The guideline recommends annual lung cancer screenings using LDCT in patients aged 55 to 80 years who smoked at least 1 pack of cigarettes a day for 30 years or the equivalent, or who quit a heavy smoking habit within the past 15 years.

The annual screenings can be discontinued after patients reach the 15-year quitting mark. Health problems that substantially limit life expectancy or ability or willingness to have lung surgery can also excuse a patient from the annual screening, the USPSTF notes.

“The USPSTF concludes with moderate certainty that annual screening for lung cancer with LDCT is of moderate net benefit in asymptomatic persons who are at high risk for lung cancer based on age, total cumulative exposure to tobacco smoke, and years since quitting smoking,” the report states. “The moderate net benefit of screening depends on limiting screening to persons who are high risk, the accuracy of image interpretation being similar to that found in the NLST (National Lung Screening Trial), and the resolution of most false-positive results without invasive procedures.”
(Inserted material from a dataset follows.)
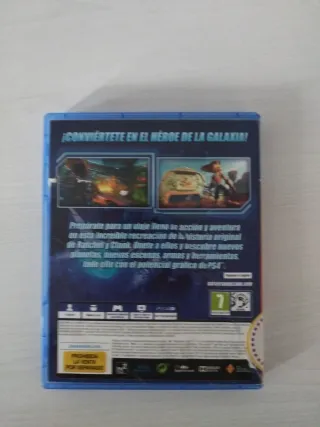 PS4 Ratchet & Clank PlayStation Hits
The annual screenings are not without concerns, however. The chance for false—positive results, which could lead to anxiety for patients, additional expenses from follow-up tests, and unnecessary surgeries, is about 95%. The repeated exposure to computed tomography radiation is also a concern for patients, because it can cause cancer as well.
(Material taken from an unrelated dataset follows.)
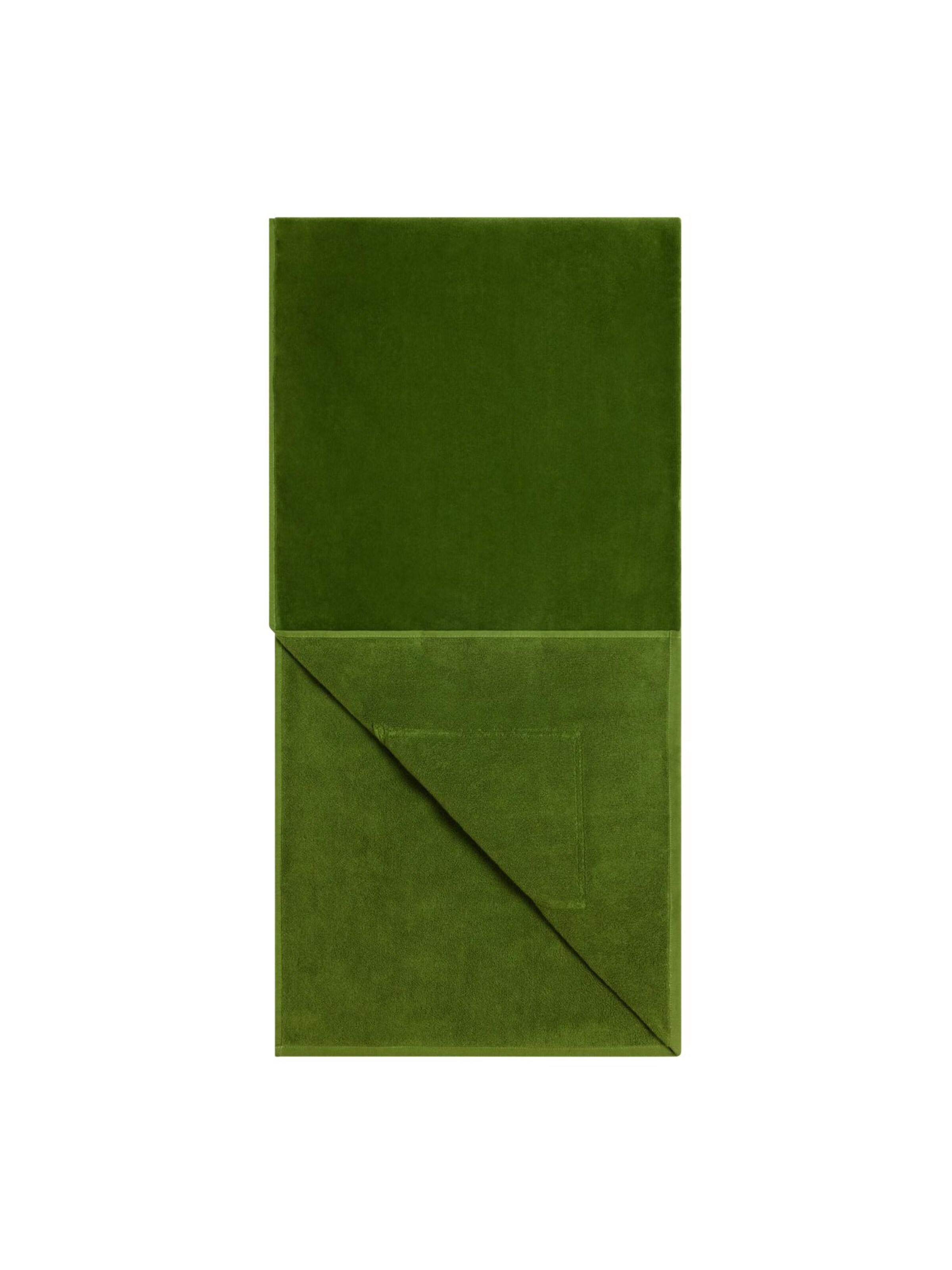Asciugamano di Vilebrequin in verde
The guideline authors compared the LDCT radiation exposure to that of mammography, and, while noting concern about the duration of LDCT, stated that current practice tends to involve following detected nodules with LDCT rather than higher-radiation high-resolution CT scans.

Prior to the latest update, the Task Force released its last screening guideline in 2004. That guideline found insufficient evidence to establish a benefit from annual lung cancer screenings in high-risk individuals, regardless the test used to detect the cancer.
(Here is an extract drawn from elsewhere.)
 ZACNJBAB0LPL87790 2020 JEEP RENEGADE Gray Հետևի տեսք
The most recent update is based on studies reporting results of LDCT screening found by searching MEDLINE, the Cochrane Central Register of Controlled Trials and Cochrane Database of Systematic Reviews, reference lists, and Scopus. Although the guideline authors found 8215 abstracts initially, only 67 full-text articles met inclusion criteria. The list was further condensed to 7 randomized, controlled trials reporting LDCT results, and then trimmed to 4 clinical trials reporting test results in intervention and control groups.

The 4 trials included the National Lung Screening Trial, the Detection and Screening of Early Lung Cancer by Novel Imaging Technology and Molecular Essays, the Danish Lung Cancer Screening Trial, and the Multicentric Italian Lung Detection study.

Patient advocacy and physician groups, including the American Cancer Society, the American College of Chest Physicians, the American Association for Thoracic Surgery, the American Society of Clinical Oncology, and the National Comprehensive Cancer Network, have recommend similar lung cancer screening criteria. Several of the screening guidelines are based on the National Lung Screening Trial findings.